I recently received an e-mail from Lawrence Kendrick Jr., a grandson of Bob.
He does not remember his grandfather, he said, because Bob died in a railroad accident in 1906. But he remembers his father Lawrence, the infant in the photograph accompanying the story, and his grandmother Susan Ella Davis Kendrick, the lady holding the infant..
He remembers, too, his Aunt Era, Bob and Susan Ella’s youngest daughter who shared old family photos and stories with me before her death around 20 years ago.
It was Era Kendrick Crim who first told me the story of her father’s accident.
She was around nine at the time. A union of farmers, who held meetings at the K-Springs church building, had convinced Bob to combine his store with theirs and operate one large store near where the railroad was going through The Narrows.

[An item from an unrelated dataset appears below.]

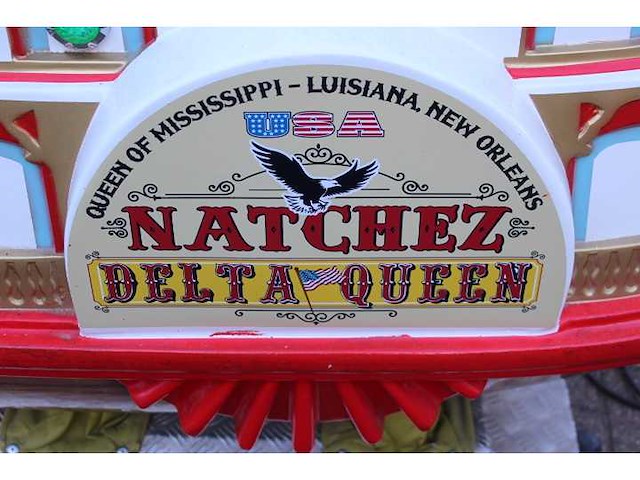 Queen of mississippi - kiddy ride - afbeelding 2 van  5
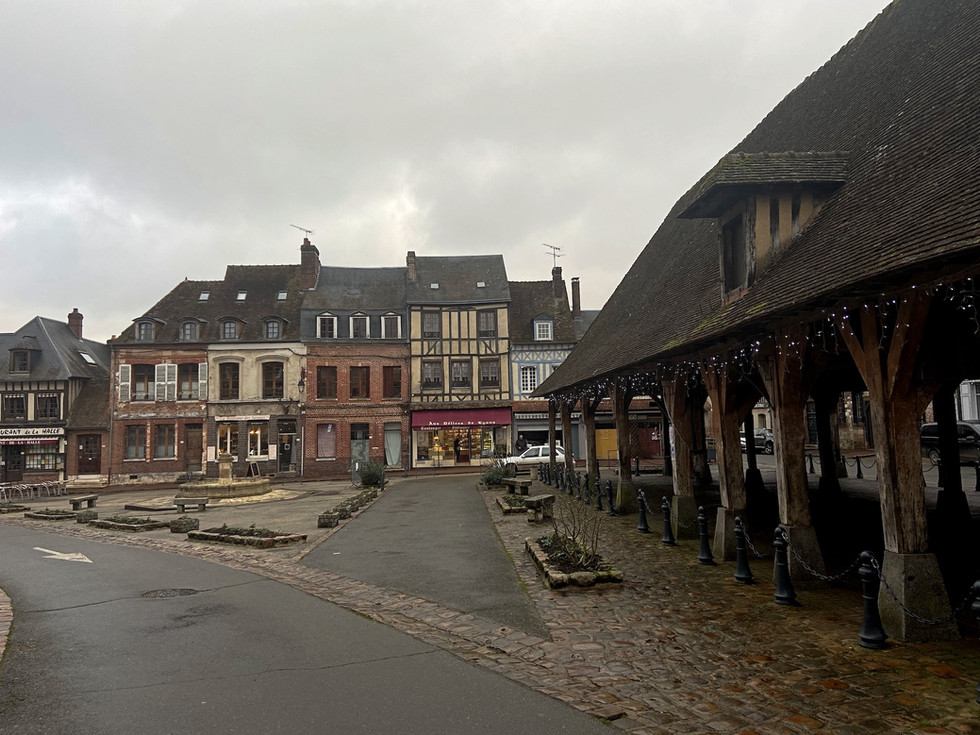 Lyon-la-Foret, étape en Normandie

He began work at the new store while work was still being done on the store and the railroad. When railroad workers got ready to blast, they would blow a whistle, but one day they didn’t blow it soon enough.
Crim recalled, “There were eight men in the store and they all ran for cover, diving under the table and just anything. But they said my daddy just turned and leaned his head down against the big mantle. I guess he thought the chimney would protect him.”
But it didn’t. A large rock hit him on the head and killed him.
At the time of Bob’s death, Lawrence, the baby in the old, family photograph, would have been around 18.
The rock that killed Robert L. (Bob) Kendrick was placed on his grave in the Pleasant Valley Cemetery and is still there.